Devotional Thought: Holy Saturday is the day we tend to skip because it doesn’t fit our timeline. We like the triumph of Easter Sunday, and we can even understand the heartbreak of Good Friday. But Saturday is unsettling because it feels like nothing is happening. It’s the day between promise and fulfillment. The day when the miracle hasn’t shown up yet. The day when death looks final, and heaven feels quiet.
And if we’re honest, most of life feels more like Saturday than Sunday. Waiting days. Unresolved days. Grief days. Days when prayers feel unanswered, and you start wondering if the silence means God is distant or worse, disappointed. On Saturday, it’s tempting to assume: If I can’t see God moving, He must not be doing anything.
But Holy Saturday teaches a different theology: Silence is not absence. Waiting is not wasting. God can be doing His deepest work where you have the least evidence. The tomb is not God’s loss of control; it’s the last place you would expect resurrection to begin. And that’s the point: the King is still King even when the story looks buried.
Notice what Matthew highlights: “Joseph took the body… and placed it in his own new tomb.” That’s such an ordinary line. No angels. No earthquakes. No worship songs. Just a burial. But buried things matter to God. Seeds get buried before they break open. Promises sometimes go underground before they rise. What looks like an ending may be God’s hidden beginning.
Holy Saturday confronts the kind of faith that only trusts God when life is loud and clear. It invites a deeper faith, one that can say: “I can’t track Your timing, but I trust Your character.” Because faith isn’t just believing God can. It’s believing God is good even here, even now, even in the dark.

Soul-Level Reflection:
  • Where am I in a “Saturday season” right now, waiting, grieving, unresolved, in-between? What am I afraid it means?
  • When God feels silent, what conclusion do I drift toward: I’m forgotten, I’m failing, God isn’t good, this won’t change? What does that reveal about what I believe God is like?
  • What am I most tempted to do in the silence, control, numb, withdraw, lash out, quit, or compromise? What is that impulse trying to protect?
  • If I trusted that God is still working in hidden ways, what would faithful waiting look like today?

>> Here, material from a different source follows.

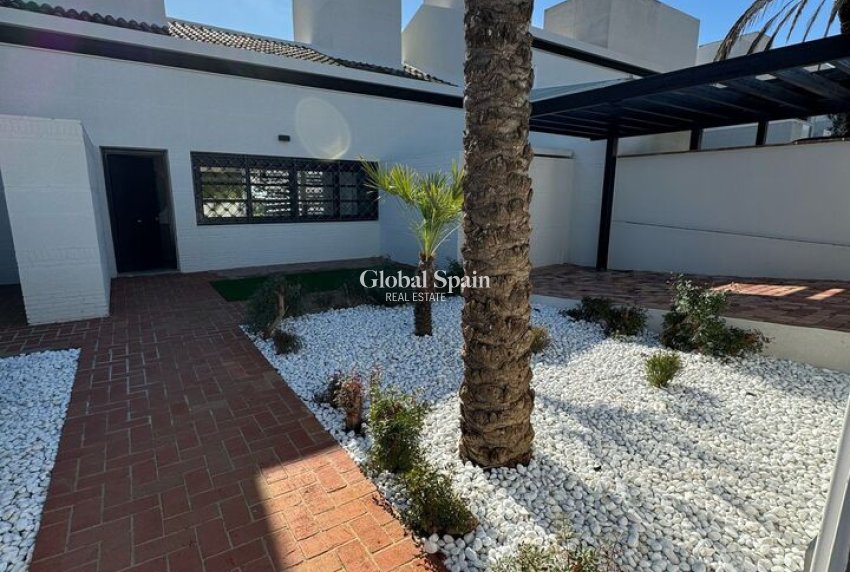 Wederverkoop - VILLA -
PERALEJA GOLF - Inland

Prayer: Jesus, Holy Saturday feels like the day I know too well the in-between where I can’t see You moving, and I’m tempted to assume You’re absent. Meet me in the waiting. Hold my hope when my hands feel empty. Quiet my panic, steady my soul, and teach me to trust Your heart when I can’t track Your timing. Even here, You are King. Amen.

Action Step: 
  • Choose one “Saturday trust” practice today: worship, rest without guilt, pray honestly, keep a commitment, reach out for help, reconcile, or do the next right thing. 
  • Then set a reminder on your phone (2–3 times today) that simply says: “Even here, You are King.” 
  • When it goes off, pause for 10 seconds and whisper that prayer.